On-the-Fly Full Hessian Kernel Calculations Based upon Seismic-Wave Simulations

Full waveform inversion or adjoint tomography has routinely been performed to image the internal structure of the Earth at high resolution. This is typically done using the Fréchet kernels and the approximate Hessian or the approximate inverse Hessian because of the high-computational cost of computing and storing the full Hessian. Alternatively, the full Hessian kernels can be used to improve inversion resolutions and convergence rates, as well as possibly to mitigate interparameter trade-offs. The storage requirements of the full Hessian kernel calculations can be reduced by compression methods, but often at a price of accuracy depending on the compression factor. Here, we present open-source codes to compute both Fréchet and full Hessian kernels on the fly in the computer random access memory (RAM) through simultaneously solving four wave equations, which we call Quad Spectral-Element Method (QuadSEM). By recomputing two forward fields at the same time that two adjoint fields are calculated during the adjoint simulation, QuadSEM constructs the full Hessian kernels using the exact forward and adjoint fields.
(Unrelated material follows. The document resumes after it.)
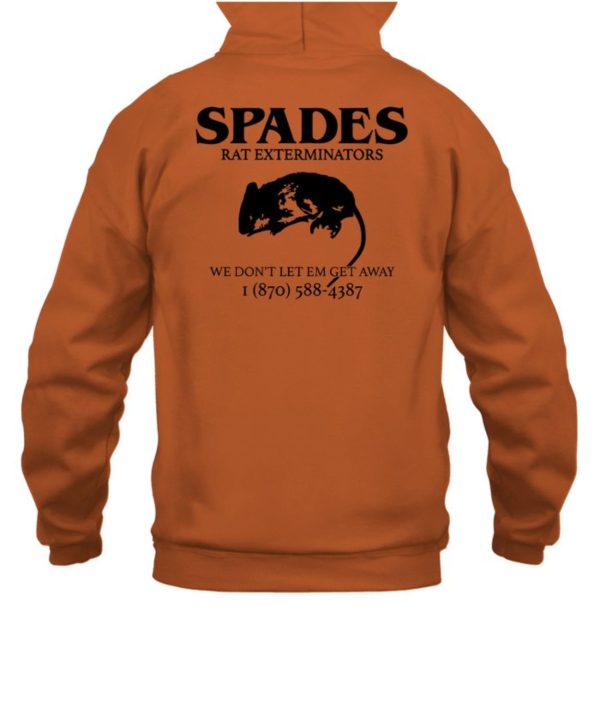 Spades Rat Exterminators We Dont Let Em Get Away Shirt5 1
In addition, we also implement an alternative approach based on the classical wavefield storage method (WSM), which stores forward wavefields every kth (k≥1) timestep during the forward simulation and reads required fields back into memory during the adjoint simulation for kernel construction. Both Fréchet and full Hessian kernels can be computed simultaneously through the QuadSEM or the WSM code, only doubling the computational cost compared with the computation of Fréchet kernels alone. Compared with WSM, QuadSEM can reduce the disk space and input/output cost by three orders of magnitude in the presented examples that use 15,000 timesteps. Numerical examples are presented to demonstrate the functionality of the methods, and the computer codes are provided with this contribution.